On 22 June 2012 Virgin Money, owners of the Northern Rock bank, acquired the remainder of the NRAM Gosforth site, and the following month UKAR sold £465 million of mortgages from the NRAM portfolio to Virgin. UKAR left their Gosforth, Newcastle upon Tyne (Northern Rock / Regent Centre) offices in 2013, and moved those remaining staff to Doxford and Bingley.

In 2011 UKAR repaid £2.15 billion to taxpayers and in 2012 paid a further £4 billion.

In August 2013, the bank said it has now returned £6.6 billion to the government. It owed £48.7 billion when it was created in October 2010.

In 2014 £2.7 billion of the mortgage book was agreed to be sold to Commercial First, a consortium led by JP Morgan.

In 2015 UKFI announced that it would seek expressions of interest for the divestment of mortgage servicing capabilities of the NRAM business as well as the Granite securitisation vehicle. UKFI appointed Moelis & Company as advisers for the divestments. On 13 November 2015, UKAR confirmed the sale of NRAM's Granite mortgage portfolio to Cerberus Capital Management for £13 billion.

On 31 March 2017 it was announced by HM Treasury that the sale of buy-to-let mortgages from the Bradford & Bingley loan book to Prudential plc and funds managed by The Blackstone Group had been agreed for £11.8 billion.

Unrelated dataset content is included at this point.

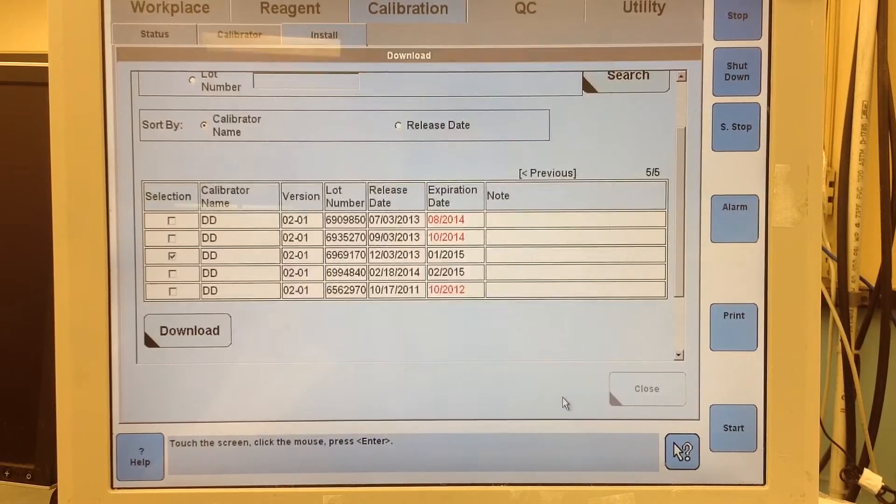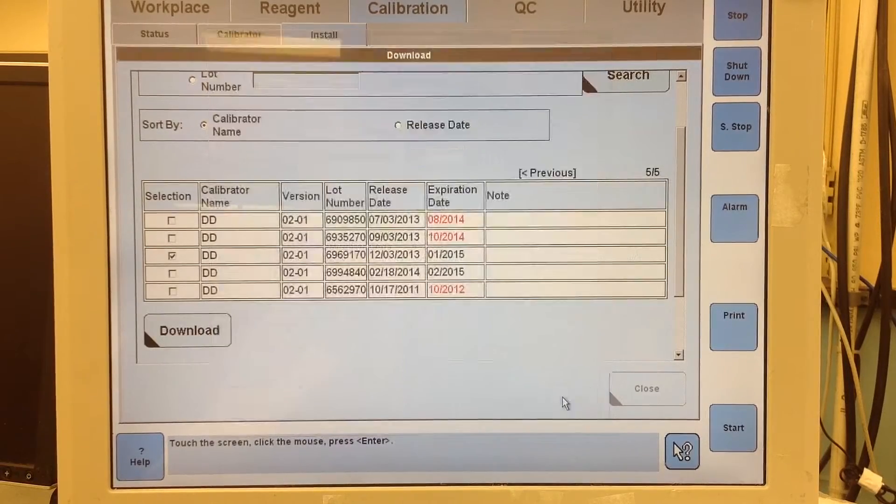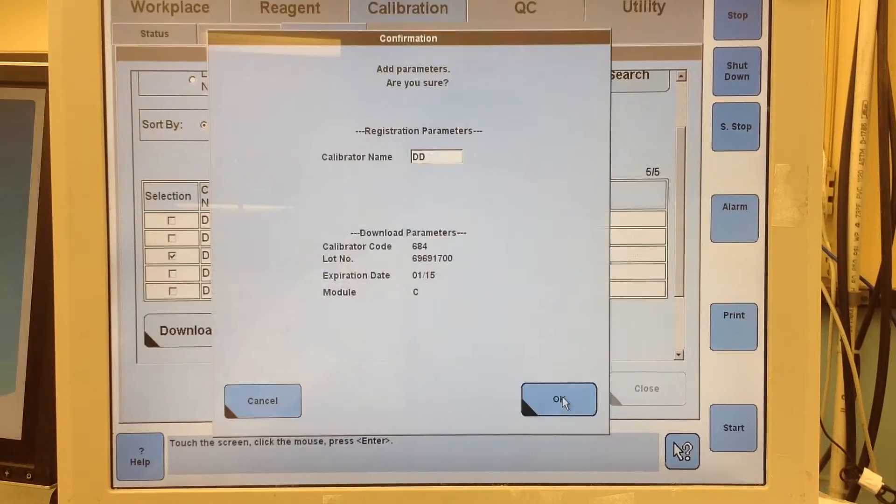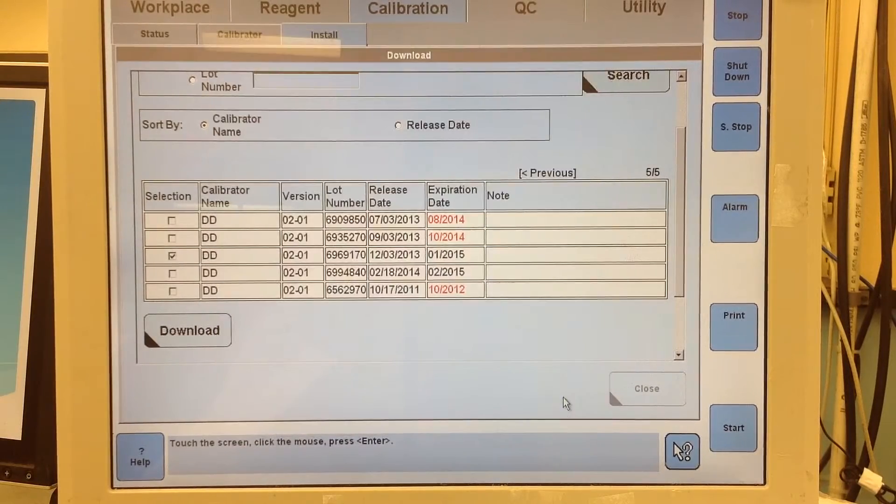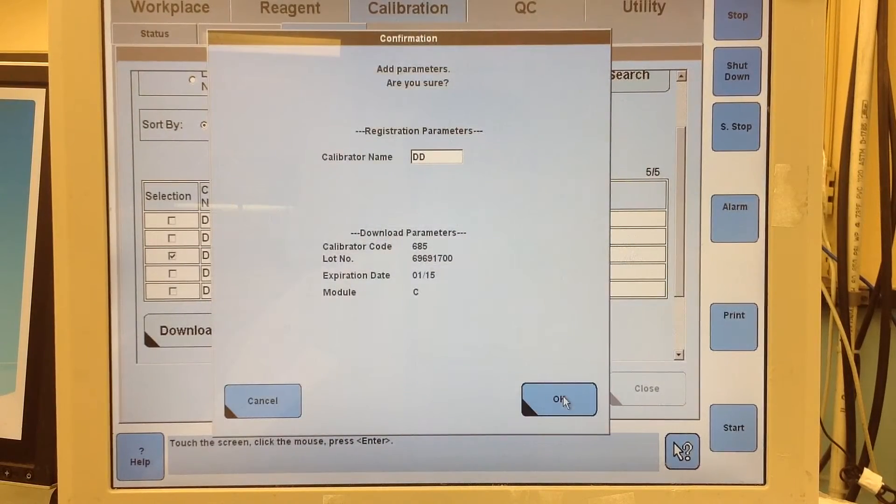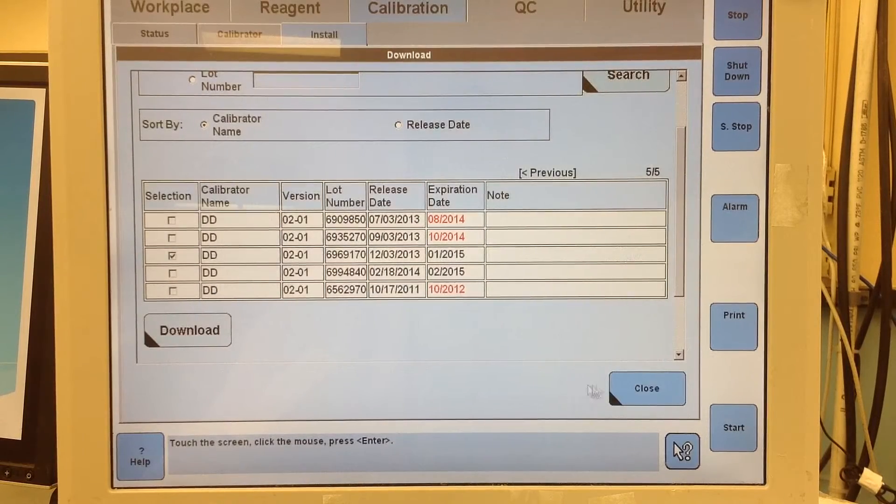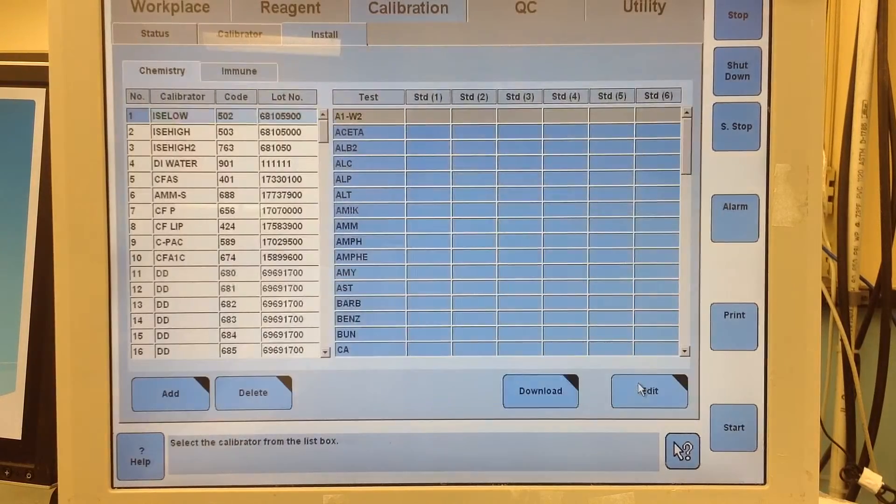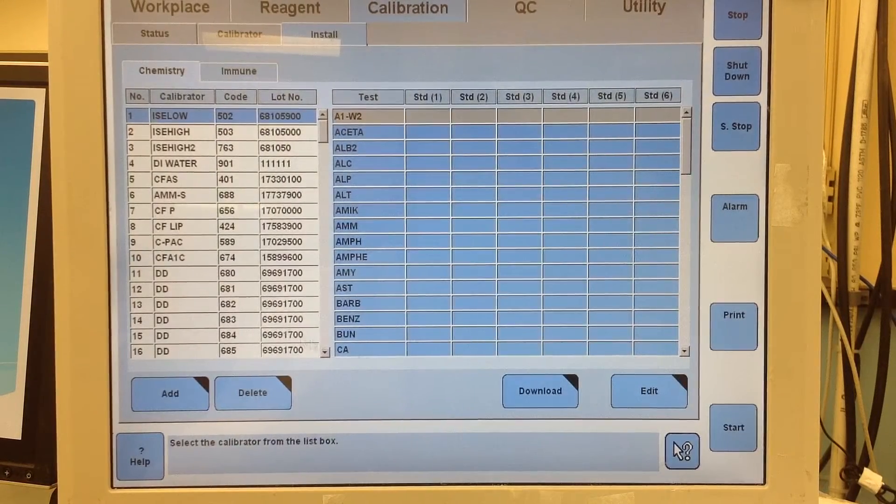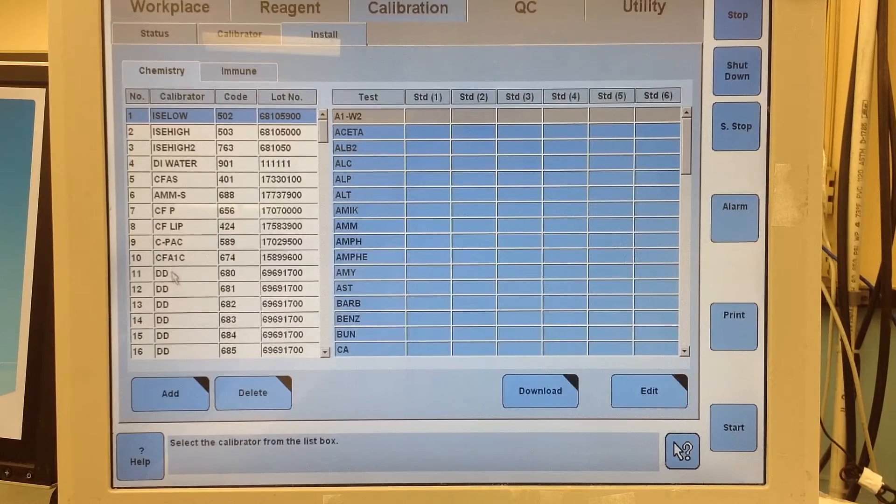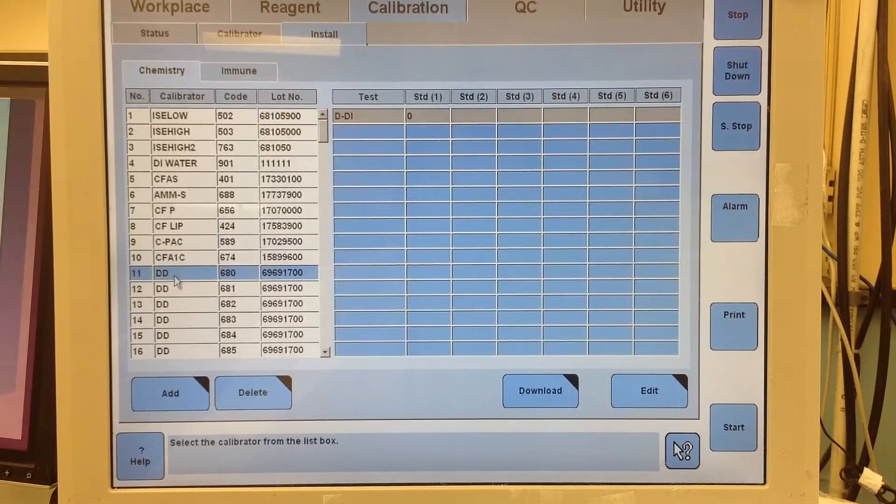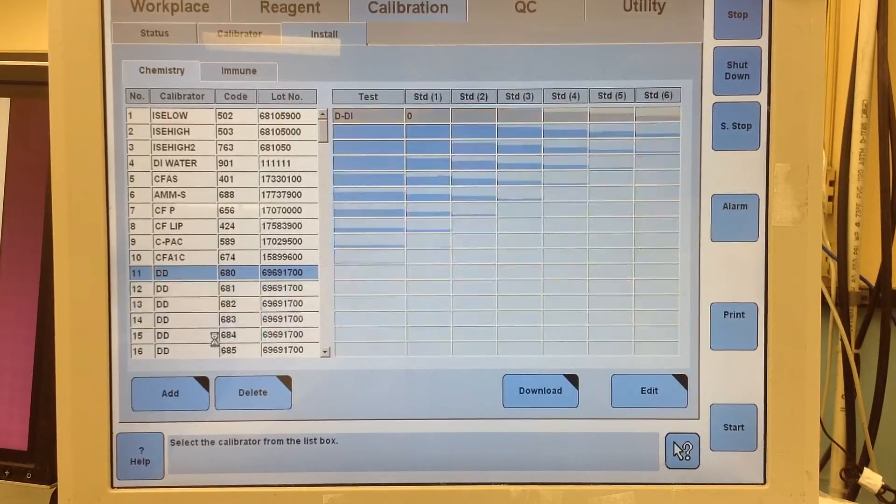So it's going to want to do this for all six. So now it should be downloaded. So we go here and we see where I deleted them earlier. They're all back.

At 31 March 2020, UKAR and its subsidiaries had a total mortgage book of £4.7bn, down by £94.7bn since its establishment in 2010.

On 26 February 2021, UKAR announced the sale of its final assets from Bradford & Bingley and Northern Rock at a price of £5 billion to a consortium of Citibank and Davidson Kempner Capital Management LP. This transaction consisted of two steps: UKAR sold the remaining loan portfolio to Citibank and Davidson acquired the government’s equity in Bradford & Bingley and NRAM. This concluded the government’s ownership of both institutions. UKAR will have no staff going forward but remains a government-owned entity, with PricewaterhouseCoopers handling any activities that arise.

UKAR's subsidiary UKAR Corporate Services was wound down and dissolved on 17 January 2023.